#### [About this task]
Each entry here needs to be given again exactly.

*** Source material ***

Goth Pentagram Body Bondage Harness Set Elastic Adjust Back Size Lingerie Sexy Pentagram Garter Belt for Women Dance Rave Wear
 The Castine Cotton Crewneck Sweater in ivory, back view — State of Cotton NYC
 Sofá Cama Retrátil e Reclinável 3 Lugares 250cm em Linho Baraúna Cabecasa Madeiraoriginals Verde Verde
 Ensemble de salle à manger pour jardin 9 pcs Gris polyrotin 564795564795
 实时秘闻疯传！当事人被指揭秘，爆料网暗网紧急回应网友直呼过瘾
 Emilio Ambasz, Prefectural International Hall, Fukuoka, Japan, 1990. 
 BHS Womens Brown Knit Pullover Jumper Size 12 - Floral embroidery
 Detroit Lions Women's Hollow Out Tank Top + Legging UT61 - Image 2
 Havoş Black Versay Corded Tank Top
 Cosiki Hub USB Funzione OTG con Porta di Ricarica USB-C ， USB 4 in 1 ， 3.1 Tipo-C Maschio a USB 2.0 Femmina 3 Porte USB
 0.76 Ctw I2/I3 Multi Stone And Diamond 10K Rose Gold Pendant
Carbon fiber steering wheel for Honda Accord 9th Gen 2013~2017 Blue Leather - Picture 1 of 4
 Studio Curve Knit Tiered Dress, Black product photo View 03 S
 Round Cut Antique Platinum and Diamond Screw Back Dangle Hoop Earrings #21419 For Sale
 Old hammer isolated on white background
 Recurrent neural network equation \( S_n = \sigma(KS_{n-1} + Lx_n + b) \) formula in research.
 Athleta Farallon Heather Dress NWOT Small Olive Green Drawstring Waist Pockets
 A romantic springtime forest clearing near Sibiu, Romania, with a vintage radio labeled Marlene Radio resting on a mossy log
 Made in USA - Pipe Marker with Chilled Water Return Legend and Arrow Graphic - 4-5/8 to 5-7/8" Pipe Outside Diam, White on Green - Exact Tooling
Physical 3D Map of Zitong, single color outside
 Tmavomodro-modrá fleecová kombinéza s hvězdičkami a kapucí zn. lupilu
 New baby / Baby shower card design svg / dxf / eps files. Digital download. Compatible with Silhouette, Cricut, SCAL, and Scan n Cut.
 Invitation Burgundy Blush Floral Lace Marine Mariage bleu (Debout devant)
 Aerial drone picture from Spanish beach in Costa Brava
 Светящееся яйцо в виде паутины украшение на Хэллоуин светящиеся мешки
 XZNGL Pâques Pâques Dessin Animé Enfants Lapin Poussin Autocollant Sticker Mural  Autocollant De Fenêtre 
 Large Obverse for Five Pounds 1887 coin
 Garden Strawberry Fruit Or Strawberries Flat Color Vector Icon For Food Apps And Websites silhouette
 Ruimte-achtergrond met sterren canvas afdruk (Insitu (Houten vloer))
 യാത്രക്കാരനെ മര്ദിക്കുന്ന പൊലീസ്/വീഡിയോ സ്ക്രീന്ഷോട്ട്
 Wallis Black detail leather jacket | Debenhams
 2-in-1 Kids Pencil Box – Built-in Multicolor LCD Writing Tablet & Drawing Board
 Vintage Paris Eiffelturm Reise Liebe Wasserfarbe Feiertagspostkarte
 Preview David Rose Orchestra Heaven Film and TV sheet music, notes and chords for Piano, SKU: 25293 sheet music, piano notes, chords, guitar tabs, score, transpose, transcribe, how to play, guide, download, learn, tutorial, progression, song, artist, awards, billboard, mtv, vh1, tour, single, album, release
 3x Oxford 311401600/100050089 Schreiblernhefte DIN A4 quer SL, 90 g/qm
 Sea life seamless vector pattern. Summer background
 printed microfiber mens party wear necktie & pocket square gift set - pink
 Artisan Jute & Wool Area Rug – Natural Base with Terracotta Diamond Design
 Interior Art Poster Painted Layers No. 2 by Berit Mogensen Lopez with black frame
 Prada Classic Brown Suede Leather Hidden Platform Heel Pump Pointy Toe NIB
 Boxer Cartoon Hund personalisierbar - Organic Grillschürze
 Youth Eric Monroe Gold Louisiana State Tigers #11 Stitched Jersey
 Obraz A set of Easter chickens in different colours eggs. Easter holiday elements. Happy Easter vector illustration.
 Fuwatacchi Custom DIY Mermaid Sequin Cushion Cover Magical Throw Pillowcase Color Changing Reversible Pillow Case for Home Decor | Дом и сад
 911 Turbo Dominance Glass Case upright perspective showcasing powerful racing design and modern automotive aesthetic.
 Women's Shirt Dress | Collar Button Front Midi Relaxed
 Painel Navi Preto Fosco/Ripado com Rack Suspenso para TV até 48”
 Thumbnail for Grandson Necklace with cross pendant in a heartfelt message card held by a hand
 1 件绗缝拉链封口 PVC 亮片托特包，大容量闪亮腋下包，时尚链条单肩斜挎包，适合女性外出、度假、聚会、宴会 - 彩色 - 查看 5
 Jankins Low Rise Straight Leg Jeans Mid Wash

***

#### [Completed exercise]
Goth Pentagram Body Bondage Harness Set Elastic Adjust Back Size Lingerie Sexy Pentagram Garter Belt for Women Dance Rave Wear
 The Castine Cotton Crewneck Sweater in ivory, back view — State of Cotton NYC
 Sofá Cama Retrátil e Reclinável 3 Lugares 250cm em Linho Baraúna Cabecasa Madeiraoriginals Verde Verde
 Ensemble de salle à manger pour jardin 9 pcs Gris polyrotin 564795564795
 实时秘闻疯传！当事人被指揭秘，爆料网暗网紧急回应网友直呼过瘾
 Emilio Ambasz, Prefectural International Hall, Fukuoka, Japan, 1990. 
 BHS Womens Brown Knit Pullover Jumper Size 12 - Floral embroidery
 Detroit Lions Women's Hollow Out Tank Top + Legging UT61 - Image 2
 Havoş Black Versay Corded Tank Top
 Cosiki Hub USB Funzione OTG con Porta di Ricarica USB-C ， USB 4 in 1 ， 3.1 Tipo-C Maschio a USB 2.0 Femmina 3 Porte USB
 0.76 Ctw I2/I3 Multi Stone And Diamond 10K Rose Gold Pendant
Carbon fiber steering wheel for Honda Accord 9th Gen 2013~2017 Blue Leather - Picture 1 of 4
 Studio Curve Knit Tiered Dress, Black product photo View 03 S
 Round Cut Antique Platinum and Diamond Screw Back Dangle Hoop Earrings #21419 For Sale
 Old hammer isolated on white background
 Recurrent neural network equation \( S_n = \sigma(KS_{n-1} + Lx_n + b) \) formula in research.
 Athleta Farallon Heather Dress NWOT Small Olive Green Drawstring Waist Pockets
 A romantic springtime forest clearing near Sibiu, Romania, with a vintage radio labeled Marlene Radio resting on a mossy log
 Made in USA - Pipe Marker with Chilled Water Return Legend and Arrow Graphic - 4-5/8 to 5-7/8" Pipe Outside Diam, White on Green - Exact Tooling
Physical 3D Map of Zitong, single color outside
 Tmavomodro-modrá fleecová kombinéza s hvězdičkami a kapucí zn. lupilu
 New baby / Baby shower card design svg / dxf / eps files. Digital download. Compatible with Silhouette, Cricut, SCAL, and Scan n Cut.
 Invitation Burgundy Blush Floral Lace Marine Mariage bleu (Debout devant)
 Aerial drone picture from Spanish beach in Costa Brava
 Светящееся яйцо в виде паутины украшение на Хэллоуин светящиеся мешки
 XZNGL Pâques Pâques Dessin Animé Enfants Lapin Poussin Autocollant Sticker Mural  Autocollant De Fenêtre 
 Large Obverse for Five Pounds 1887 coin
 Garden Strawberry Fruit Or Strawberries Flat Color Vector Icon For Food Apps And Websites silhouette
 Ruimte-achtergrond met sterren canvas afdruk (Insitu (Houten vloer))
 യാത്രക്കാരനെ മര്ദിക്കുന്ന പൊലീസ്/വീഡിയോ സ്ക്രീന്ഷോട്ട്
 Wallis Black detail leather jacket | Debenhams
 2-in-1 Kids Pencil Box – Built-in Multicolor LCD Writing Tablet & Drawing Board
 Vintage Paris Eiffelturm Reise Liebe Wasserfarbe Feiertagspostkarte
 Preview David Rose Orchestra Heaven Film and TV sheet music, notes and chords for Piano, SKU: 25293 sheet music, piano notes, chords, guitar tabs, score, transpose, transcribe, how to play, guide, download, learn, tutorial, progression, song, artist, awards, billboard, mtv, vh1, tour, single, album, release
 3x Oxford 311401600/100050089 Schreiblernhefte DIN A4 quer SL, 90 g/qm
 Sea life seamless vector pattern. Summer background
 printed microfiber mens party wear necktie & pocket square gift set - pink
 Artisan Jute & Wool Area Rug – Natural Base with Terracotta Diamond Design
 Interior Art Poster Painted Layers No. 2 by Berit Mogensen Lopez with black frame
 Prada Classic Brown Suede Leather Hidden Platform Heel Pump Pointy Toe NIB
 Boxer Cartoon Hund personalisierbar - Organic Grillschürze
 Youth Eric Monroe Gold Louisiana State Tigers #11 Stitched Jersey
 Obraz A set of Easter chickens in different colours eggs. Easter holiday elements. Happy Easter vector illustration.
 Fuwatacchi Custom DIY Mermaid Sequin Cushion Cover Magical Throw Pillowcase Color Changing Reversible Pillow Case for Home Decor | Дом и сад
 911 Turbo Dominance Glass Case upright perspective showcasing powerful racing design and modern automotive aesthetic.
 Women's Shirt Dress | Collar Button Front Midi Relaxed
 Painel Navi Preto Fosco/Ripado com Rack Suspenso para TV até 48”
 Thumbnail for Grandson Necklace with cross pendant in a heartfelt message card held by a hand
 1 件绗缝拉链封口 PVC 亮片托特包，大容量闪亮腋下包，时尚链条单肩斜挎包，适合女性外出、度假、聚会、宴会 - 彩色 - 查看 5
 Jankins Low Rise Straight Leg Jeans Mid Wash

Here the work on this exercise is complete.